And, as I get older — now approaching official entry into the septuagenarian grouping — the more often I reflect back on Christmas memories, those that have brought unbridled joy and those that have brought great sadness. (Sentimentality seems to correlate, at least for me, with the aging process).

Growing up in Gander, it was the former — that of pure, adulterated happiness — that seemed to characterize Christmas, a time when that cloistered, protective, wonderful world in which I lived was even more apparent, more pronounced.

There was always a monstrosity of a tree that I helped Dad cut down and transport back to our Balbo Street home. Truth be known, I had observer status as the old man and a few of his airline colleagues parlayed an afternoon of camaraderie (there inevitably seemed to be an abundance of laughter) into the allocation of trees for their various homes. (No one would be caught dead with a so-called fake tree; in fact, I don’t think they even existed in our part of the world).

And Santa Claus was always good to the five Wakeham offspring.

I recall one year Dad told me on Christmas Eve that a set of six guns and a Winchester rifle I had asked for hadn’t arrived from the North Pole, news that brought my chin down to my chest as I wandered off to bed; it was all a fib, of course, because the “weaponry,” to be used in the “tall grass” near Nungesser Avenue to reduce the number of outlaws in our town, sat beneath the tree the next morning. Dad’s explanation, which I accepted without qualification, was that Santa had shown up just before dawn with the pistols and the rifle.

Growing up in Gander, it was the former — that of pure, adulterated happiness — that seemed to characterize Christmas, a time when that cloistered, protective, wonderful world in which I lived was even more apparent, more pronounced.

(My father, a born ham, and an amateur actor all his life, would entertain me and my buddies for years with that rifle by standing in front of our house, legs spread apart à la John Wayne, cocking the gun, and declaring in a slow drawl: “You boys, git off ma land!”)
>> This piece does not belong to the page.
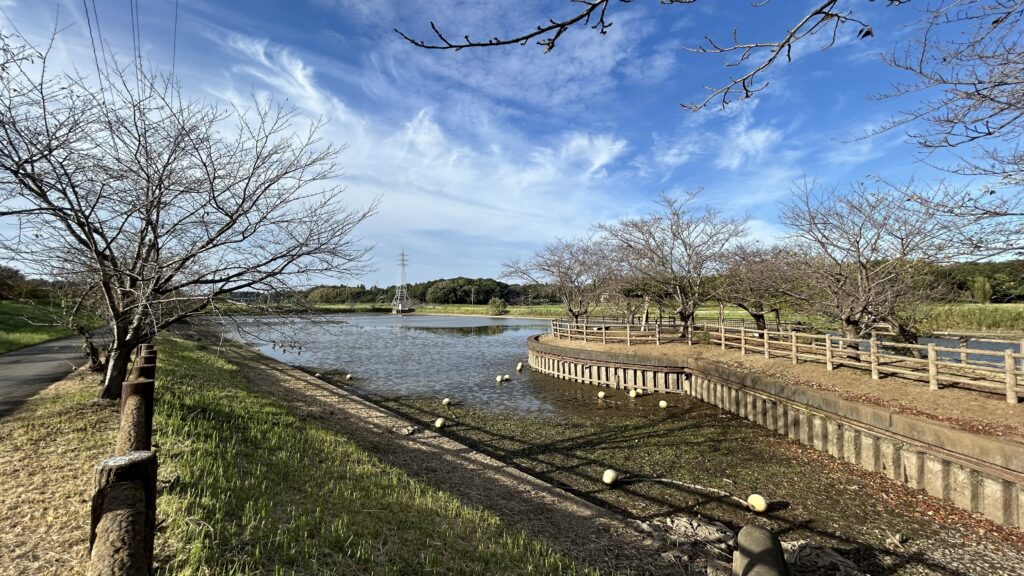 守谷城址公園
I think the only down-in-the-mouth Christmas I ever experienced in Gander was in 1962, when we knew that we would be leaving Newfoundland in six months to take up residence in the United States, a move — as I’ve mentioned here on several occasions — that shattered my existence, unaware at that time, obviously, that I would one day return to live and work back here and embrace this special place with an unquantifiable fondness. (See, I told you this was a sappy time of the year for me).

As a young man, as a journalist still wet behind the ears, there was at least one Christmas that was unforgettably sombre. On Boxing Day morning in 1976, I was assigned by my Telegram bosses to cover the fire at Chafe’s Nursing Home in the Goulds that killed 20 senior citizens; it was an event that no journalism course in university could ever have prepared me for, and it’s something I always recall this time of the year, whether I wish to or not.

There were also more than a few Christmases in my 20s and early 30s that I don’t recall with any great fondness, times when my addiction to booze led to solitary hours in a dingy apartment, in a state of drunken neutrality, the holidays meaning little or nothing.

But that was then, as they say, and this is now.

Christmas for many, many years has been an occasion of grand elation, when my wife and I do the “family thing” in a big way and enjoy every single moment.

There is, for sure, that paradox of emotions I referred to earlier, especially when I recall loved ones and friends with whom I once shared tremendous Christmas merriment (my father, for sure, who led a long and tremendous life, and treated Christmas as only a bon vivant could; and many relatives and buddies, like John Furlong and Bill Kelly and others who left this life way, way too early).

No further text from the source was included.